This is the mail archive of the
gcc-patches@gcc.gnu.org
mailing list for the GCC project.
Re: [PATCH, i386]: Fix PR target/30970, take 2
- From: Uros Bizjak <ubizjak at gmail dot com>
- To: Ian Lance Taylor <iant at google dot com>
- Cc: GCC Patches <gcc-patches at gcc dot gnu dot org>, Richard Henderson <rth at redhat dot com>
- Date: Tue, 27 Feb 2007 20:02:07 +0100
- Subject: Re: [PATCH, i386]: Fix PR target/30970, take 2
- Dkim-signature: a=rsa-sha1; c=relaxed/relaxed; d=gmail.com; s=beta; h=domainkey-signature:received:received:message-id:date:from:user-agent:mime-version:to:cc:subject:references:in-reply-to:content-type:content-transfer-encoding; b=NGImwFCos+A1XnzZ4zW7y7Xk9xJYxwB5cvhJ6mpAHvlQ88icDGPFSoiYLFH1nWapdm7qKEg+07FZWJPmFVpHzCX/qjIP1ADVoflIx7Pjpw8F+JXtl27f1Njmi3jQh8j6memm4fX5pX918gnaAStRc2+VowvBgl+jVMvaMKcG/+s=
- References: <45E42C83.1000602@gmail.com> <m3bqjfd47d.fsf@localhost.localdomain>
Ian Lance Taylor wrote:
The addition to this patch is corrected MODES_TIEABLE_P functionality
for i386 targets.
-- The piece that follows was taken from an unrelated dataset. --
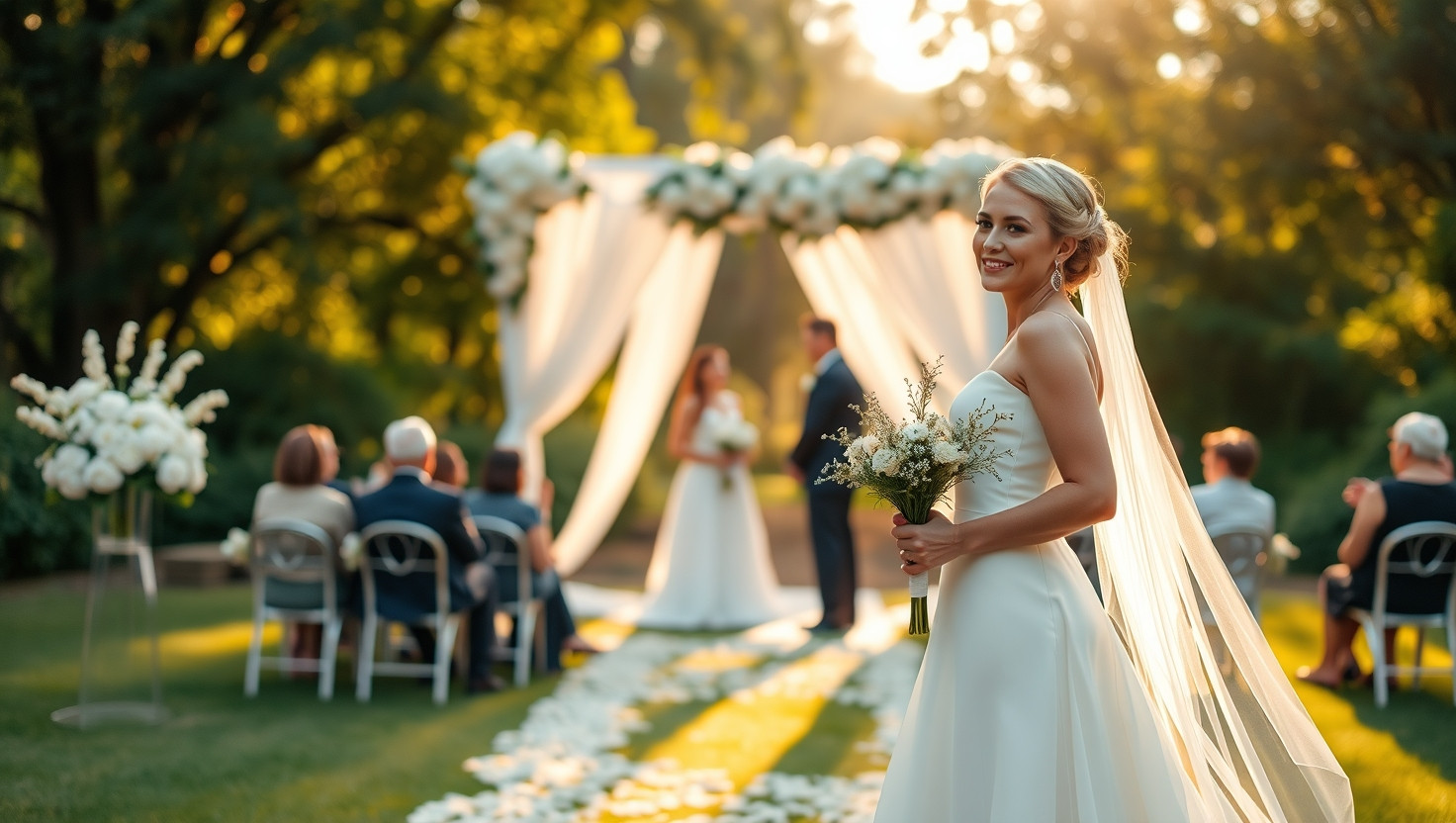 Should I Exclude My Family from My Wedding Over Feud?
The problem is, that lower-subreg pass checks
MODES_TIEABLE_P if the XMM register can be splitted into word_mode
(DImode) _without_copying_.
Anyhow, your patch seems OK to me, though I wonder whether you will
get worse register allocation in some cases for code which extracts
the first float from a vector of floats. Of course those cases are
not very common.
Extracting float from vecfloat or int from vecint without going through
memory never worked for i386. One of possible reasons for float case
could be that movss reg,reg doesn't clear top 3 elements, but
_mm_store_ss() simply ignores this, as shown in following testcase:
--cut here--
#include <xmmintrin.h>
float test (__m128 x)
{
float a;
_mm_store_ss (&a, x);
return a + 1.0;
}
--cut here--
compiles to:
test:
.LFB509:
addss .LC0(%rip), %xmm0
ret
For int case, we can use movd, but gcc doesn't generate it with or
without the patch.
This is the testcase:
--cut here--
typedef float __v4sf __attribute__ ((vector_size (16)));
float testf(__v4sf x, __v4sf y)
{
union {
__v4sf v;
float f[4];
} u;
u.v = x + y;
return u.f[0];
}
typedef int __v4si __attribute__ ((vector_size (16)));
int testi(__v4si x, __v4si y)
{
union {
__v4si v;
int i[4];
} u;
u.v = x + y;
return u.i[0];
}
--cut here--
The result:
testf:
.LFB2:
addps %xmm1, %xmm0
movaps %xmm0, -24(%rsp)
movss -24(%rsp), %xmm0
ret
testi:
.LFB3:
paddd %xmm1, %xmm0
movaps %xmm0, -24(%rsp)
movl -24(%rsp), %eax
ret
(Using _mm_store_ss() intrinsic always produces equivalent code).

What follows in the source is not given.